Cannot get posterior predictive for simple GP

edo · February 10, 2022, 9:09am

I am learning numpyro by coding a simple Gaussian Process. The problem is that the posterior predictive does not predict anything, samples seem to come from the prior. However inference with NUTS worked, because the usual formula for GP inference gives the correct posterior. Maybe I don’t understand how to use Predictive.

This is the code:

xL, yL, xU = get_dataset()

def gp_kernel(x, z, var, length, noise):
    g1, g2 = jnp.meshgrid(jnp.arange(len(x)), jnp.arange(len(z)))
    k = var * jnp.exp(-0.5 * jnp.sum((x[g1] - z[g2])**2, axis=-1) / length)
    if noise is not None:
        k += (noise + 1e-6) * jnp.eye(len(x))
    return k


def model(X, Y):
    var = numpyro.sample("kernel_var", dist.LogNormal(0.0, 1))
    noise = numpyro.sample("kernel_noise", dist.LogNormal(0.0, 1))
    length = numpyro.sample("kernel_length", dist.LogNormal(0.0, 1))
    
    k = gp_kernel(X, X, var, length, noise)
    numpyro.sample(
        'f',
        dist.MultivariateNormal(loc=jnp.zeros(len(X)), covariance_matrix=k),
        obs=Y
    )

# fit model
kernel = NUTS(model)
mcmc = MCMC(kernel, num_warmup=1000, num_samples=2000)
mcmc.run(rng_key, xL, yL)
mcmc.print_summary()
samples_1 = mcmc.get_samples()

# posterior via pyro
predictive = numpyro.infer.Predictive(model, samples_1)
preds = predictive(rng_key, xL, None)
preds['f'].mean(axis=0)  # this posterior mean is always very close to zero

# posterior via analytical formula
var = samples_1['kernel_var'].mean()
length = samples_1['kernel_length'].mean()
noise = samples_1['kernel_noise'].mean()
kUL = gp_kernel(xU, xL, var, length, None)
kUU = gp_kernel(xU, xU, var, length, noise)
kLL = gp_kernel(xL, xL, var, length, noise)
kLLi = jnp.linalg.inv(kLL)

mU = kUL.T @ kLLi @ yL  # this posterior mean is correct
sU = kUU - kUL.T @ kLLi @ kUL

Thanks!

fehiepsi · February 10, 2022, 3:46pm

I think Predictive can’t be used in the context of GP that way. MCMC gives you p(theta|X,y). What you need to draw is from p(y_new|X_new,X,y), which is equal to the intergrate p(y_new|X_new,X,y,theta).p(theta|X,y). I’ll call the first term q(y_new). So you can take samples of theta from MCMC and use Predictive on q model, which follows your analytical formula. Your way of using Predictive is for p(y_new|X_new,theta), which is different from q(y_new). Predictive is used for prediction on the same model with new data only when we can assume that conditioned on latent variables, the livelihoods of new data and training data are independent, which is a typical assumption in many models, but not for GP.
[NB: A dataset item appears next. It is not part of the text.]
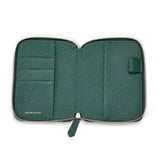 Green pebble leather zippered passport wallet on a white background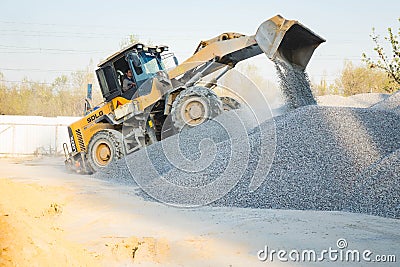 Voronezh region, Russia, april, 25 2019. Tractor loads crushed stone in the production of concrete. Yellow tractor loader running Editorial Stock Photo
edo · February 10, 2022, 4:05pm

Silly me, thank you for the explanation. Is there no other way of getting p(y_new|X_new,X,y) with pyro? I’d like to avoid deriving the analytical solution every time I make a change to the GP. I guess I’d need to resort to (S)VI?

fehiepsi · February 10, 2022, 4:10pm

I’m not sure there is an easy way to do. You might want to write an additional model for prediction, something like Gaussian Processes — Pyro documentation and abstract it out in some ways for your usage (like what we did for Pyro GP models).